_Data provided_
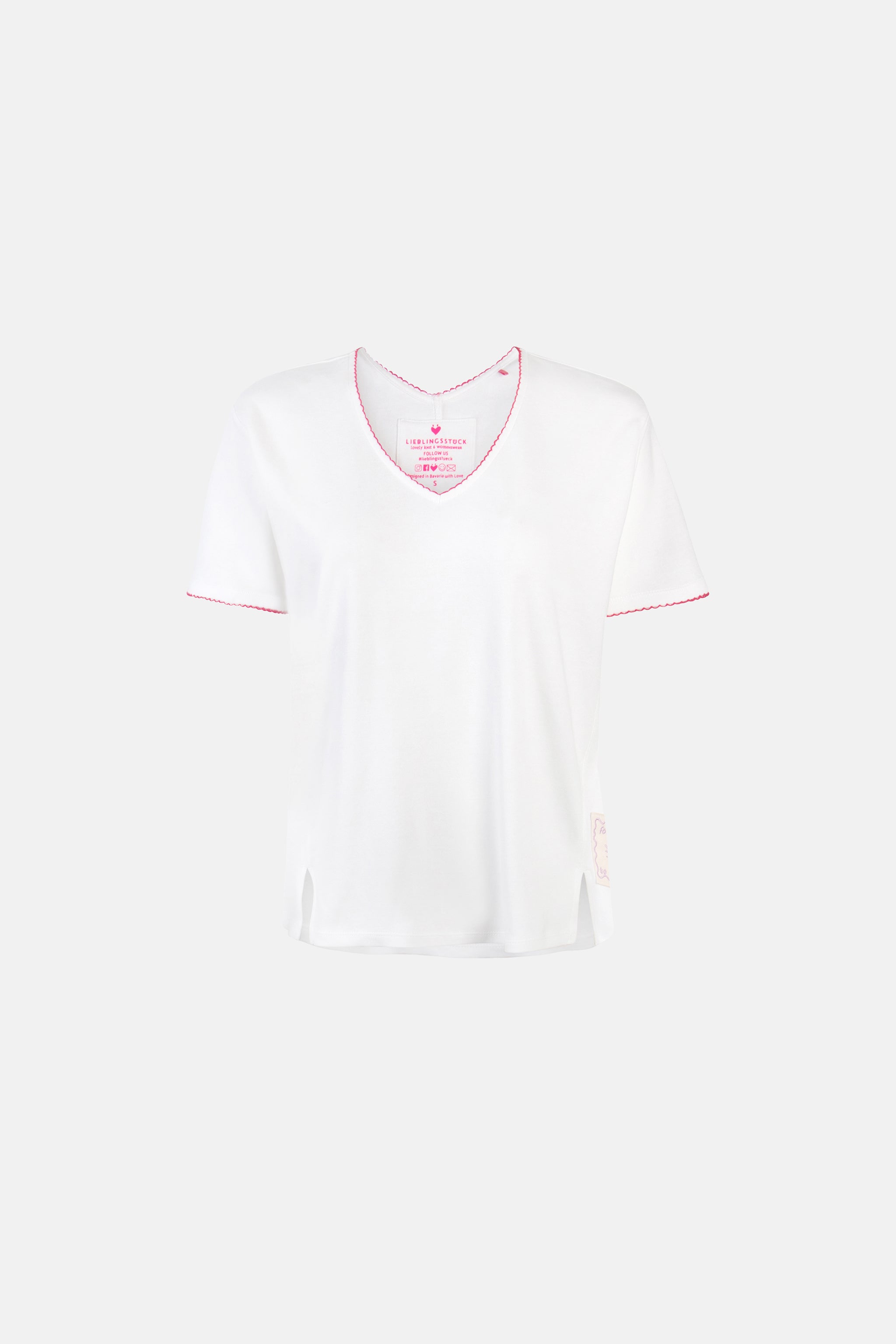 T-Shirt "ColetteL" aus Baumwolle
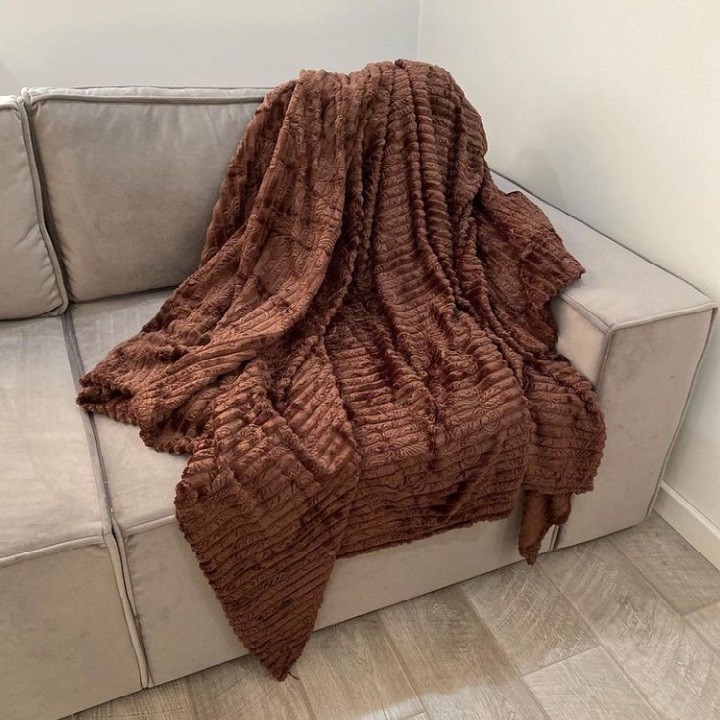 پتو مسافرتی مدل پلیسه سایز 150x220 سانتی متر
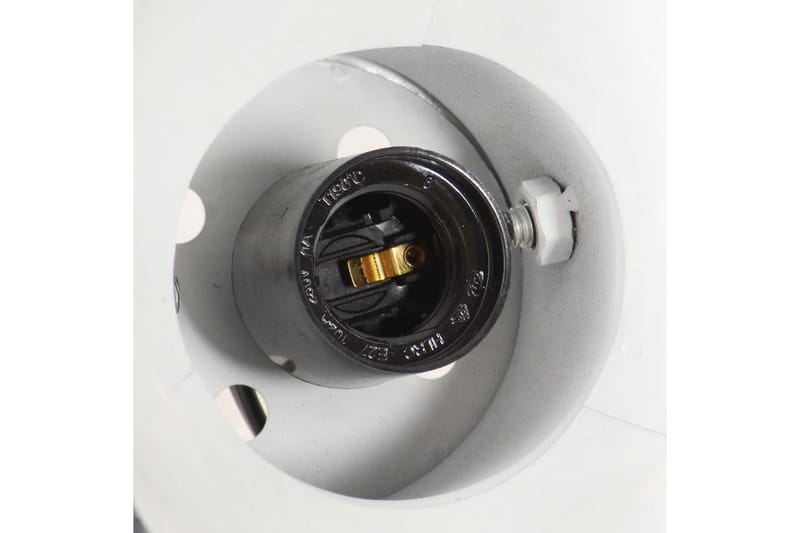 Industrielle vegg-/taklamper 2 stk matt svart 20x25 cm E27 - Svart - Belysning - Innendørsbelysning & Lamper - Vegglampe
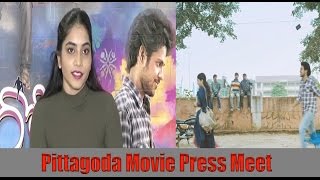 Pittagoda Telugu Movie Release Press Meet  Punarnavi Bhupalam  Filmibeat Telugu [upl. by Hujsak]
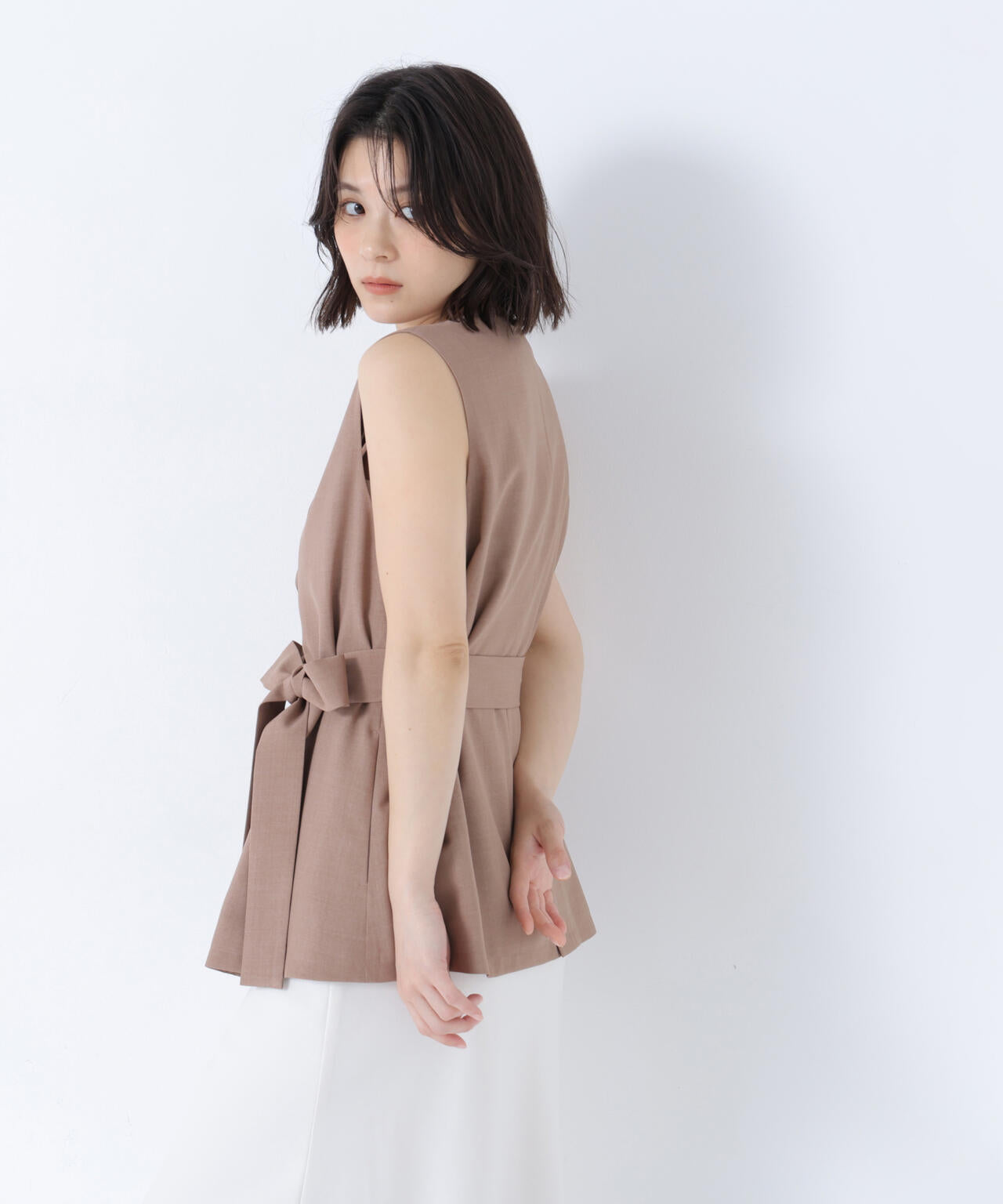 163cm 着用サイズ:FR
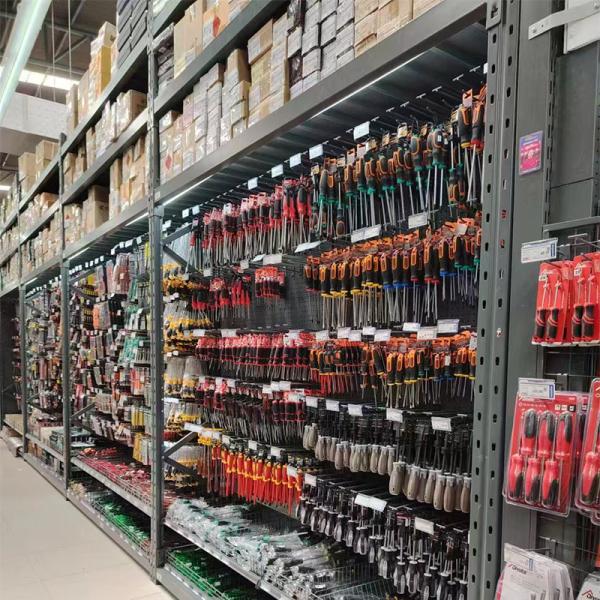 Sturdy Versatile Customized Super Market Display Racks For Mobile Phone Accessories Retail Display Rack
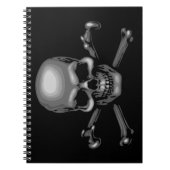 Dunkel Marky Notizblock (Vorderseite)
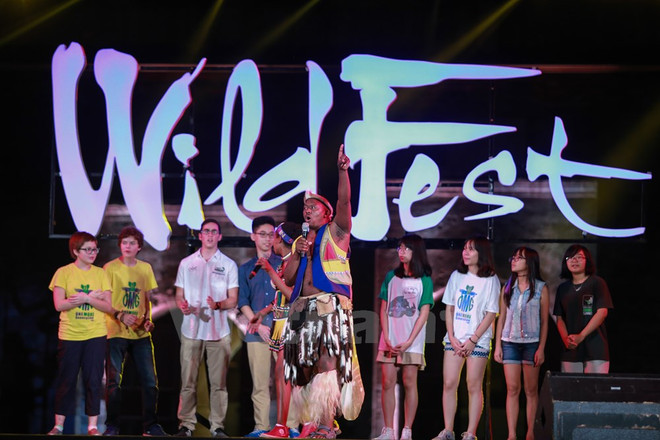 [Video] Sôi nổi các hoạt động dành cho giới trẻ ở lễ hội WildFest 2015 ảnh 1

_The task_
The output consists of exactly the lines from the one containing "Pittagoda Telugu Movie" through the last line of the listing, both included, with no pictures.

_Output for this task_
 Pittagoda Telugu Movie Release Press Meet  Punarnavi Bhupalam  Filmibeat Telugu [upl. by Hujsak]
 163cm 着用サイズ:FR
 Sturdy Versatile Customized Super Market Display Racks For Mobile Phone Accessories Retail Display Rack
 Dunkel Marky Notizblock (Vorderseite)
 [Video] Sôi nổi các hoạt động dành cho giới trẻ ở lễ hội WildFest 2015 ảnh 1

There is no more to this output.